Moreover, I had not entirely forgotten I was lying at almost the exact spot where a murder had been committed, and that the murderer was still at large. (Kazuo Ishiguro: When We Were Orphans

「at large」が次のように使われるのを知っている方も多いと思います。
「[名詞の後で]一般の(in general)、全体としての(as a whole)」
the opinion of the public at large
「(危険人物や動物が)捕まらないで」
Her killer is still at large
The suspect is at large.

いくつかの解説書は、「large」が「大きい、広い」の意であるので、このような意味になると説明しています。「The suspect is at large.」は「容疑者は広いところにいる」⇒「捕まらないで逃走中」のような説明です。
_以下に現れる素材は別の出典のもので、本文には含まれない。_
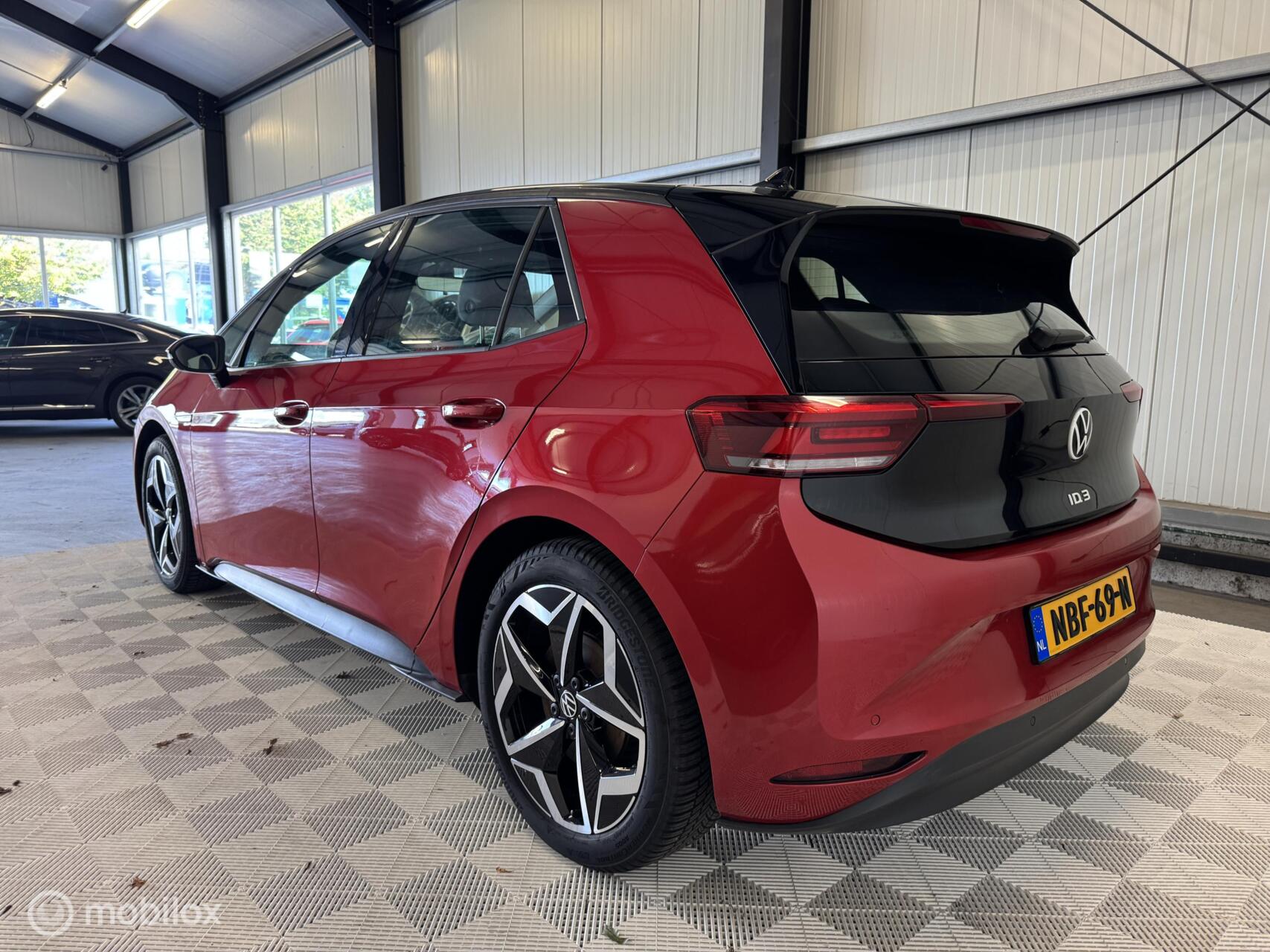 Foto van Volkswagen Id.3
しかし、あのウエブスター大辞典には次のような説明があります。
An obsolete meaning of "large" as a noun is "freedom, liberty," now surviving only in the phrase "at large" (Webster's unabridged, 1934).

「large」が「大きい、広い」の意であるからではなく、古くは「自由」を意味したから、というのが正しい説明。

一方「[名詞の後で]一般の(in general)、全体としての(as a whole)」の意になる背景は「large」の語源であるラテン語の「largus」が「数・量が多い、豊富な」の意味を持っていたからだと思います。